## WHAT THE TASK REQUIRES
Where an entry below contains an image, skip the image and reproduce the rest exactly.

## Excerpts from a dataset
☆ ☆ ☆
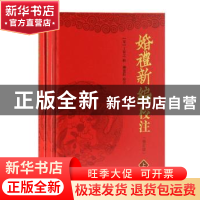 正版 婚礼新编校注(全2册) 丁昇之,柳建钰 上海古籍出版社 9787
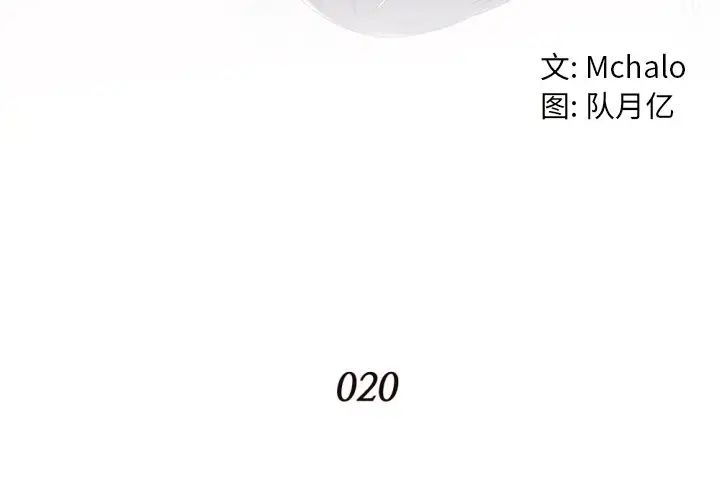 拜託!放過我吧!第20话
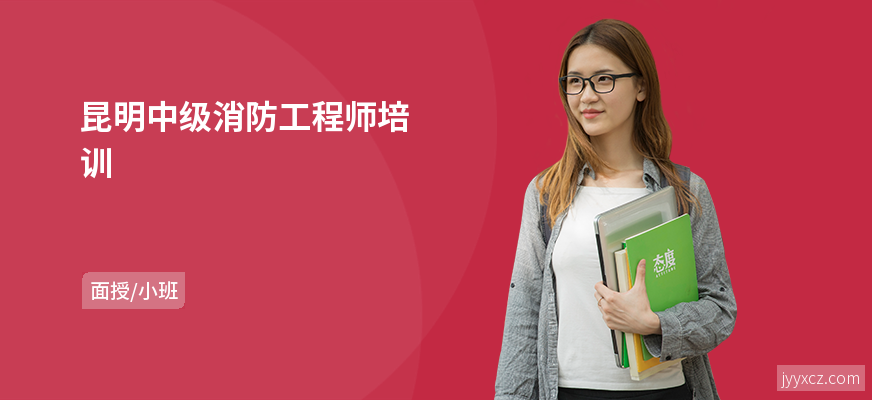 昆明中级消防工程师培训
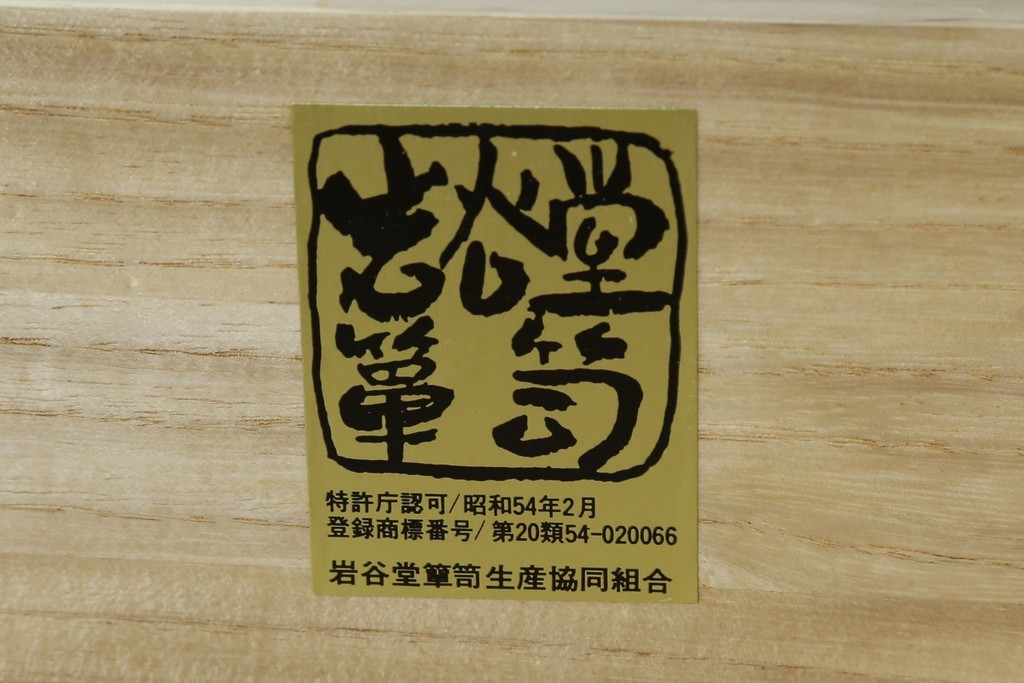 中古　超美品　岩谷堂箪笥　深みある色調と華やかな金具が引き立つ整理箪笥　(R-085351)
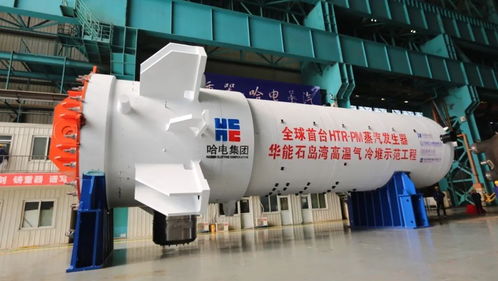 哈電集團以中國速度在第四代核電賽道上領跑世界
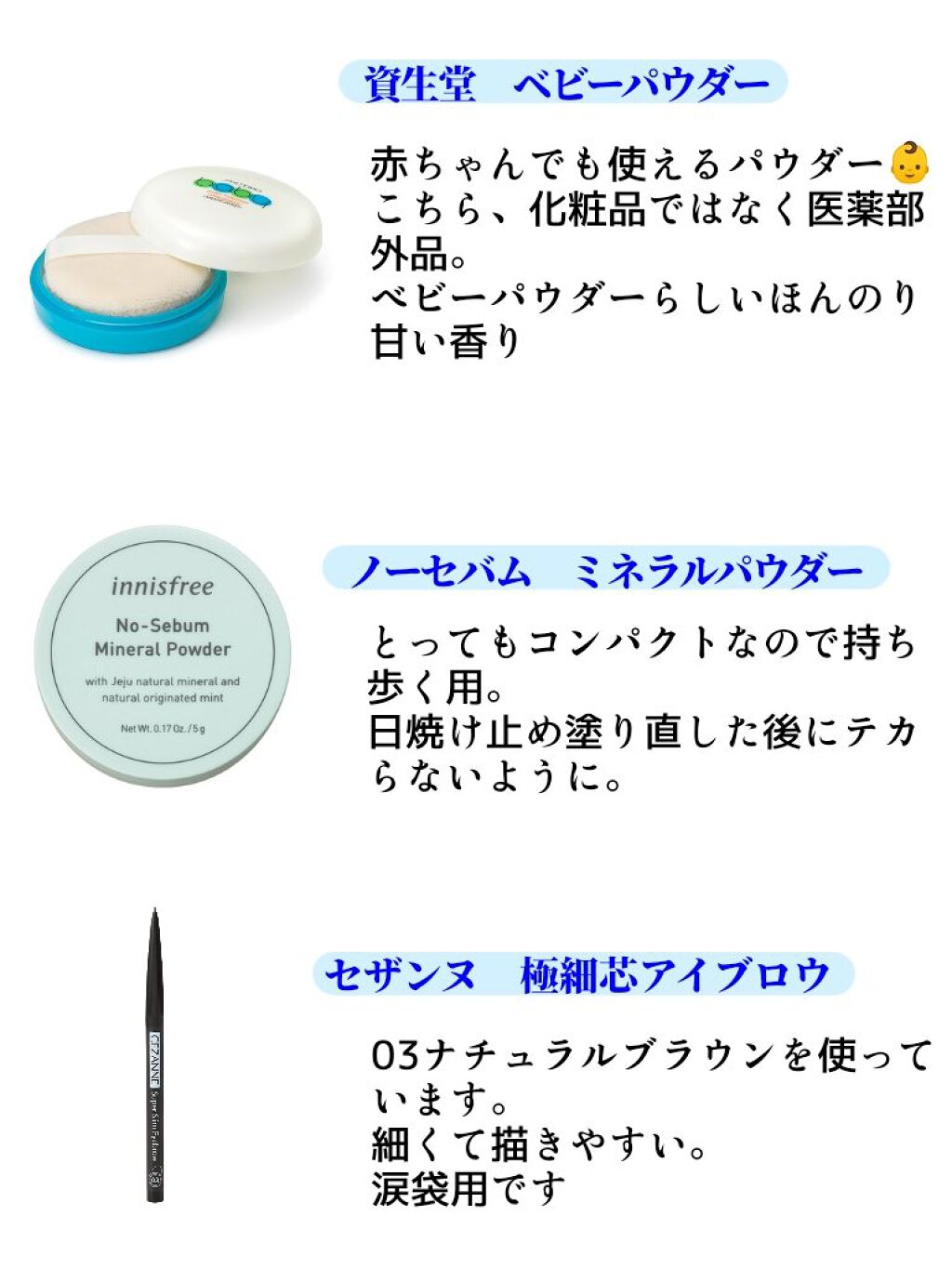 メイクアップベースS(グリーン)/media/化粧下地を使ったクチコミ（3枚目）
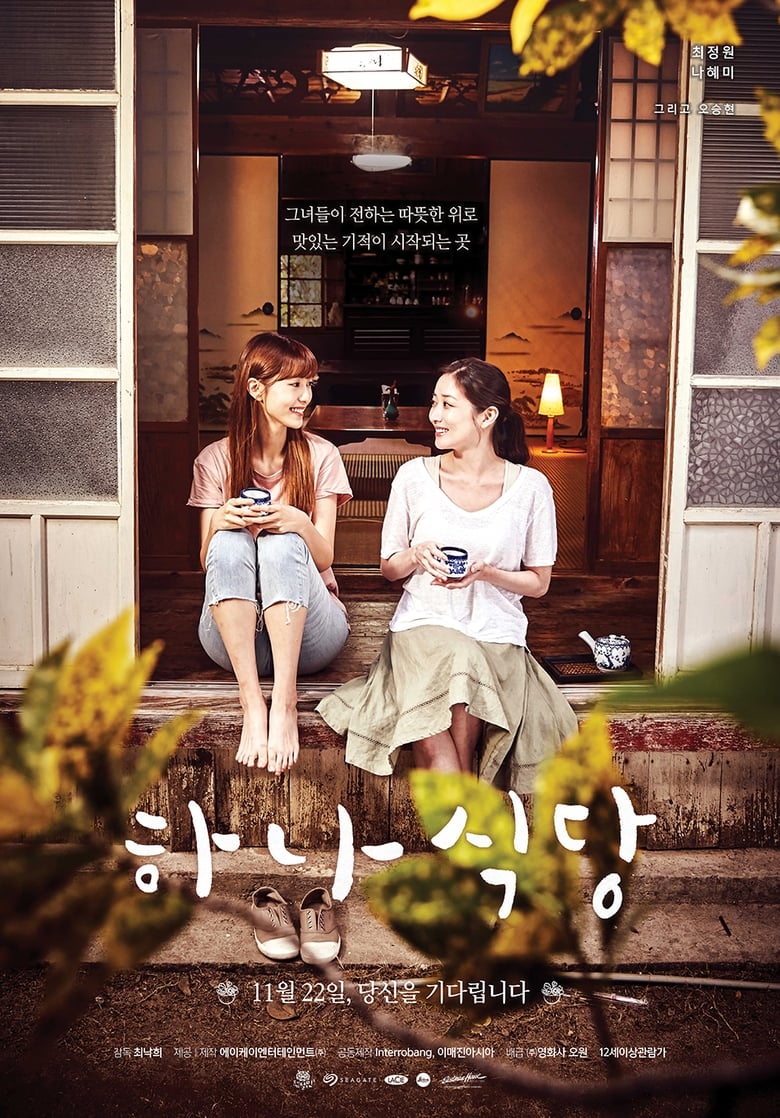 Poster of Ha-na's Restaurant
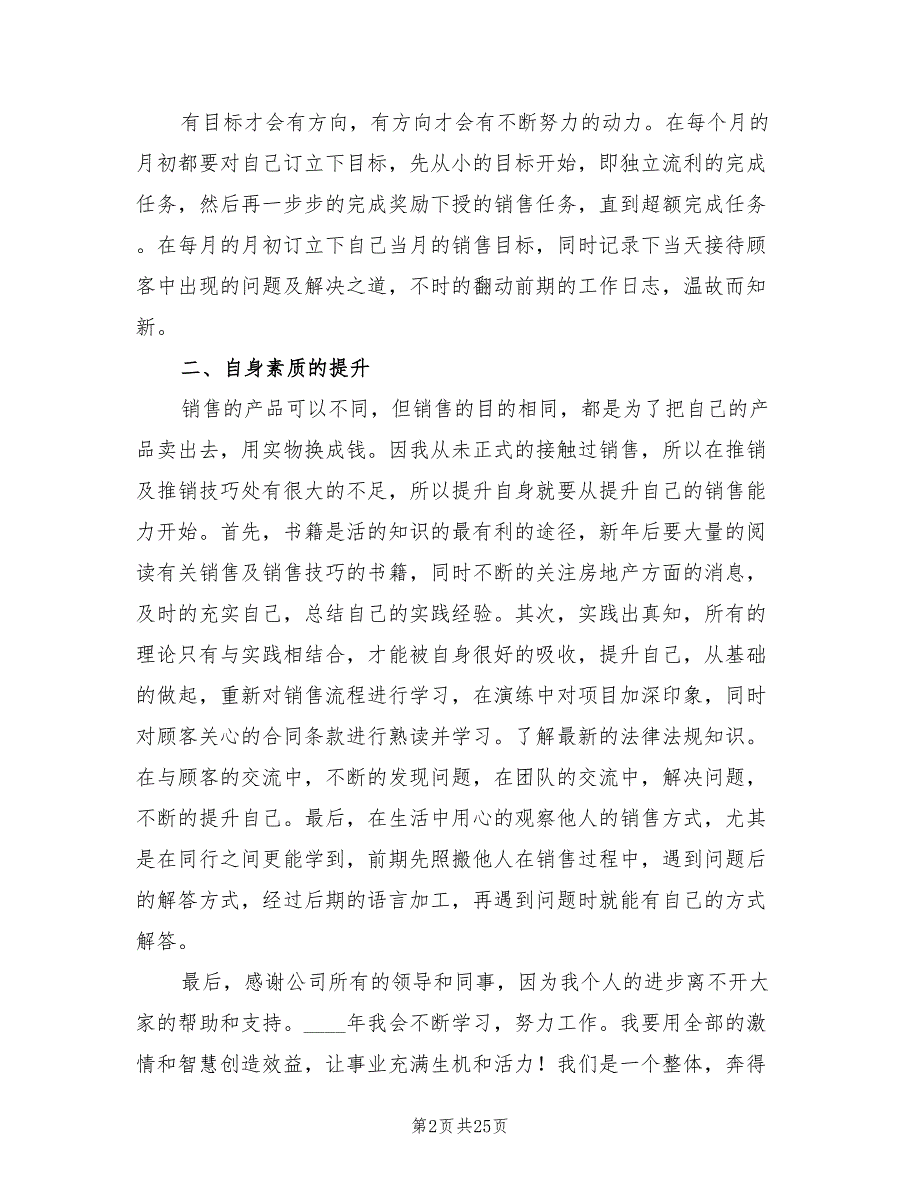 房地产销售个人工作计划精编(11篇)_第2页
☆ ☆ ☆
## RESULT FOR THIS TASK
 正版 婚礼新编校注(全2册) 丁昇之,柳建钰 上海古籍出版社 9787
 拜託!放過我吧!第20话
 昆明中级消防工程师培训
 中古　超美品　岩谷堂箪笥　深みある色調と華やかな金具が引き立つ整理箪笥　(R-085351)
 哈電集團以中國速度在第四代核電賽道上領跑世界
 メイクアップベースS(グリーン)/media/化粧下地を使ったクチコミ（3枚目）
 Poster of Ha-na's Restaurant
 房地产销售个人工作计划精编(11篇)_第2页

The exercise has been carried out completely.